┏━━

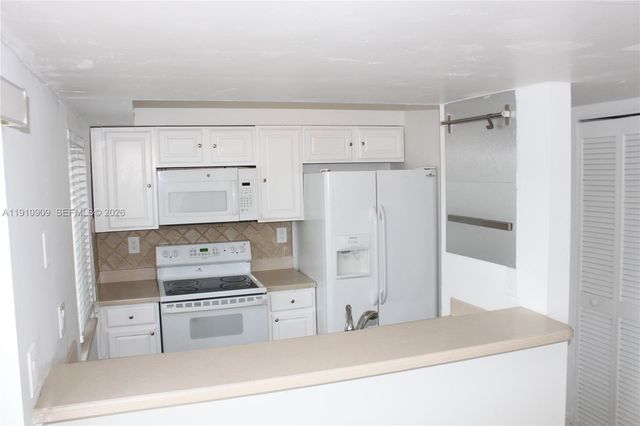 180 Riviera Circle 305, Weston, FL 33326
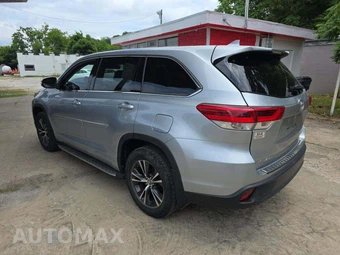 2018 Toyota Highlander LE Plus – miniatura 2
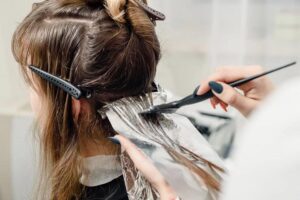 Odkryj tajniki: Jak się farbuje włosy płukanką i uzyskaj naturalny efekt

┗━━

Task details: Set the whole listing down again unchanged, apart from the pictures, which are omitted.

Solution:
 180 Riviera Circle 305, Weston, FL 33326
 2018 Toyota Highlander LE Plus – miniatura 2
 Odkryj tajniki: Jak się farbuje włosy płukanką i uzyskaj naturalny efekt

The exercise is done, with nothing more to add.